Scopriamo solo ora che i “soliti noti” che vogliono a tutti i costi un Parco sui Monti Ernici (difatti lo vogliono anche in contrasto alla legge 157 la quale vieta che nel Lazio altri territori siano così vincolati, avendo ampiamente superato il 30% chiuso alla caccia), sono gli “amici” dell’orso “Orso and Friends”: peccato che, però, al nostro contrario, non abbiano avuto il coraggio di firmarsi con tanto di nome e cognome; mentre noi risultiamo da loro citati addirittura nel titolo dell’articolo apparso su Ciociaria Oggi dello scorso mercoledì 11 settembre.
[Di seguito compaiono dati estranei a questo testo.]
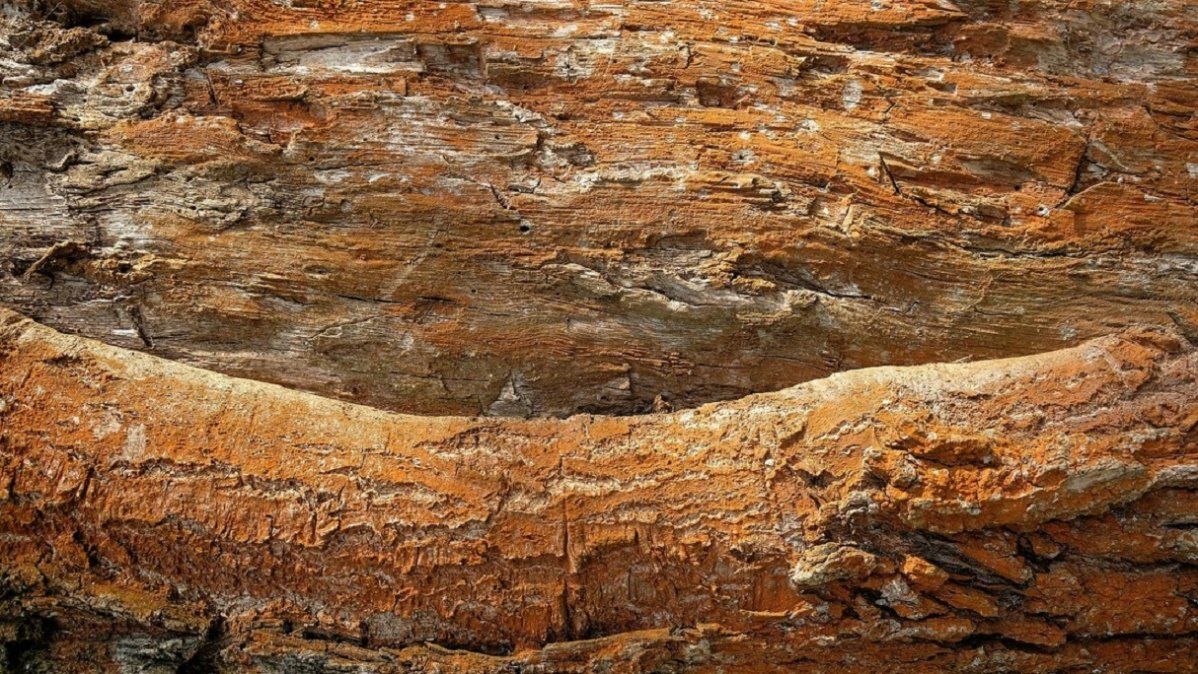 Una pareja compró una casa por medio millón de dólares y la destruyeron las termitas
Ma di questo siamo onorati e non già offesi; offesa è per noi il dover rispondere a persone che si rendono anonime dietro sigle più o meno fantasiose, “specialiste” nel disinformare l’opinione pubblica e nell’arrogarsi il diritto di parlare, solo loro, a favore dell’orso marsicano in quanto “amici” (ma amici di che?).
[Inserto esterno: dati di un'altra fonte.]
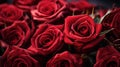 A close up of a bunch of red roses that are sitting on top of each other, AI Royalty Free Stock Photo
Forse per il fatto che, pur di poterlo osservare, organizzano escursioni per accompagnare gente a disturbarlo nei suoi recessi più intimi, che noi propugniamo, invece, siano assolutamente riservati all’Orso e chiusi anche a tutti (troppi!) supposti suoi amici, che si credono in diritto di farlo solo perché sono solo animalisti anticaccia, sempre, comunque e “a prescindere”. Siamo certi che tra le due categorie di uomini, gli orsi, se potessero parlare e decidere, sceglierebbero “Orso and Friends” e non già Vivoli e Zunino? La logica ci porta a pensare che sceglierebbero noi. Intanto, negli ultimi quaranta anni, non c’è un episodio accertato, uno soltanto, di abbattimento di orso riconducibile ai cacciatori, in tal caso bracconieri, in Ciociaria e, se così non è, si dica come e quando sarebbe avvenuto.
Quindi, i cacciatori ciociari hanno dimostrato concretamente di essere amici dell’orso, pur tra tante infamie a loro carico da parte degli anticaccia salottieri e “a prescindere”.
E, poi, gli orsi vogliono quiete e solitudine, specie in primavera ed in estate, quando di cacciatori in giro per le montagne non si incontrano, ma di turisti cosiddetti “amici” se ne incontrano a bizzeffe, come quelli di “Orso and friends”.
I cervi ed i caprioli sono scomparsi dai Monti Ernici e Cantari ben centinaia di anni or sono, e non certo per opera dei cacciatori sportivi. Ed oggi che stanno ritornando, saranno ben presto talmente tanti da dover richiedere l’intervento dei cacciatori per ridurne il numero, come sta avvenendo in TUTTA Italia, onde limitare i danni che essi arrecano all’agricoltura, alle foreste ed anche all’orso stesso (un esempio è palese nel vicino Parco d’Abruzzo, dove essi stanno competendo anche con l’altrettanto raro Camoscio: tesi non di Vivoli e Zunino, ma di qualificati studiosi della fauna).
Sul valore dei Parchi come iniziative di sviluppo sociale (si noti bene: una contraddizione in termini per qualsiasi area protetta!), ribadiamo che la prova dei fatti non sta nei dati diffusi dagli enti parco (parti in causa e pro domo loro) ma nell’opposizione ai Parchi da parte di TUTTE le popolazioni locali che hanno subito e stanno subendo i vincoli d’imperio: se fosse vero il contrario, come sostengono gli “amici” dell’orso, ci dovrebbe essere un sommovimento popolare a loro favore ed alla creazione di altri (come i Monti Ernici). Guarda caso, i sommovimenti ci sono, ma tutti contro i Parchi.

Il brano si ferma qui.